→ **Supplied records**:
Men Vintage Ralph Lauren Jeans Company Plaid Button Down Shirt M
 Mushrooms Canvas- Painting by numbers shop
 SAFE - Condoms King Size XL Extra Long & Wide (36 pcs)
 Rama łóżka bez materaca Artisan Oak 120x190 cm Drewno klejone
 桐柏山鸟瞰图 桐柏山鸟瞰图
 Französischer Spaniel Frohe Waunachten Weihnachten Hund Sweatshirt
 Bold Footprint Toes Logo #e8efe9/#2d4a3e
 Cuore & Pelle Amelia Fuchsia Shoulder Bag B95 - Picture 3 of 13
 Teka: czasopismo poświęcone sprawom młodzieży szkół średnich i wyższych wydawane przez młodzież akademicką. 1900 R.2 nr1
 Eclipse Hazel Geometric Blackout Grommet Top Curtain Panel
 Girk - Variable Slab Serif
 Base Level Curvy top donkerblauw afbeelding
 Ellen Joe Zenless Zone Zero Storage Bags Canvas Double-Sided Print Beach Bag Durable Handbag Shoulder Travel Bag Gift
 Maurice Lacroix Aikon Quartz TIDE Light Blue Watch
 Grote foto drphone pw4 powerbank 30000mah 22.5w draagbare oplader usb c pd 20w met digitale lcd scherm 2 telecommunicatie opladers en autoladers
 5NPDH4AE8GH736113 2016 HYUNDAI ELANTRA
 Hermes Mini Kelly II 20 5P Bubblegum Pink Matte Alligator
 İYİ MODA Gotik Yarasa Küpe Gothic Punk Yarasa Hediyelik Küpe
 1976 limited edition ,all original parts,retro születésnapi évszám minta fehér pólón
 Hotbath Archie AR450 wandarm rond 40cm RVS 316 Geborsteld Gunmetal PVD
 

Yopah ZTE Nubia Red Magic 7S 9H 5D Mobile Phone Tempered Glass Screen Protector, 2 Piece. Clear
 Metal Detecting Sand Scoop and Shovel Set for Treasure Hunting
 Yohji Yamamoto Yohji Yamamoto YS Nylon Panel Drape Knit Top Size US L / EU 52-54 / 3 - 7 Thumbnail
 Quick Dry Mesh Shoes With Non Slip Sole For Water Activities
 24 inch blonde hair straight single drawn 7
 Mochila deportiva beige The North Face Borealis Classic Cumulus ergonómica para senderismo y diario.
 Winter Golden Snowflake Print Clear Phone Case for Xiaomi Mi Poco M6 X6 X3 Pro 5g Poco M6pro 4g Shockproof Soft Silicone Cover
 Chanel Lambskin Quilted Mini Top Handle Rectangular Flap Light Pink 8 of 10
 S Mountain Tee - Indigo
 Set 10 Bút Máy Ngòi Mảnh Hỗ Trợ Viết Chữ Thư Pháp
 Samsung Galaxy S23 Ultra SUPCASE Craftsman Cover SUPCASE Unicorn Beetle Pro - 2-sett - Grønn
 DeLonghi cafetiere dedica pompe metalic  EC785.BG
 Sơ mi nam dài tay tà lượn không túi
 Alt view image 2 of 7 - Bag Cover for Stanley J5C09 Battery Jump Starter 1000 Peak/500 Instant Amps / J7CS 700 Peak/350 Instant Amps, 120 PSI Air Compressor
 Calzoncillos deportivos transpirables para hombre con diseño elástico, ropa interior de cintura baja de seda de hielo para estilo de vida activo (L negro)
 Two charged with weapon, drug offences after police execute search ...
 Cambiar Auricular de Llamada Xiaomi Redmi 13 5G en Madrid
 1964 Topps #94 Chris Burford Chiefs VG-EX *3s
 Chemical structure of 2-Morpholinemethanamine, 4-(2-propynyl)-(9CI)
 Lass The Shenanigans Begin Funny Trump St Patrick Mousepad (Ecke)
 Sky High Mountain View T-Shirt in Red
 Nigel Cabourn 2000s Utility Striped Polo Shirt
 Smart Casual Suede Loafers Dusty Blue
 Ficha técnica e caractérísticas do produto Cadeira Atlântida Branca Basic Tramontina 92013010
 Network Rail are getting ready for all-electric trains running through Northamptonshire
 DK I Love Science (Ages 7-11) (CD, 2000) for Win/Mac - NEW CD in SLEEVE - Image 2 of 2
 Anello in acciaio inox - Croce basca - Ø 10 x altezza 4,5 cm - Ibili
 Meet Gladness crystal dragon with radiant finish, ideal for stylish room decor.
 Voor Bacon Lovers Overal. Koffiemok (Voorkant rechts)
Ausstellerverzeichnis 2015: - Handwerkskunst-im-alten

→ **Activity**:
Your answer should consist of the lines from the line with "Französischer Spaniel Frohe" to the line with "24 inch blonde hair straight single drawn 7" above, repeated exactly, both ends included.

→ **Response to this exercise**:
 Französischer Spaniel Frohe Waunachten Weihnachten Hund Sweatshirt
 Bold Footprint Toes Logo #e8efe9/#2d4a3e
 Cuore & Pelle Amelia Fuchsia Shoulder Bag B95 - Picture 3 of 13
 Teka: czasopismo poświęcone sprawom młodzieży szkół średnich i wyższych wydawane przez młodzież akademicką. 1900 R.2 nr1
 Eclipse Hazel Geometric Blackout Grommet Top Curtain Panel
 Girk - Variable Slab Serif
 Base Level Curvy top donkerblauw afbeelding
 Ellen Joe Zenless Zone Zero Storage Bags Canvas Double-Sided Print Beach Bag Durable Handbag Shoulder Travel Bag Gift
 Maurice Lacroix Aikon Quartz TIDE Light Blue Watch
 Grote foto drphone pw4 powerbank 30000mah 22.5w draagbare oplader usb c pd 20w met digitale lcd scherm 2 telecommunicatie opladers en autoladers
 5NPDH4AE8GH736113 2016 HYUNDAI ELANTRA
 Hermes Mini Kelly II 20 5P Bubblegum Pink Matte Alligator
 İYİ MODA Gotik Yarasa Küpe Gothic Punk Yarasa Hediyelik Küpe
 1976 limited edition ,all original parts,retro születésnapi évszám minta fehér pólón
 Hotbath Archie AR450 wandarm rond 40cm RVS 316 Geborsteld Gunmetal PVD
 

Yopah ZTE Nubia Red Magic 7S 9H 5D Mobile Phone Tempered Glass Screen Protector, 2 Piece. Clear
 Metal Detecting Sand Scoop and Shovel Set for Treasure Hunting
 Yohji Yamamoto Yohji Yamamoto YS Nylon Panel Drape Knit Top Size US L / EU 52-54 / 3 - 7 Thumbnail
 Quick Dry Mesh Shoes With Non Slip Sole For Water Activities
 24 inch blonde hair straight single drawn 7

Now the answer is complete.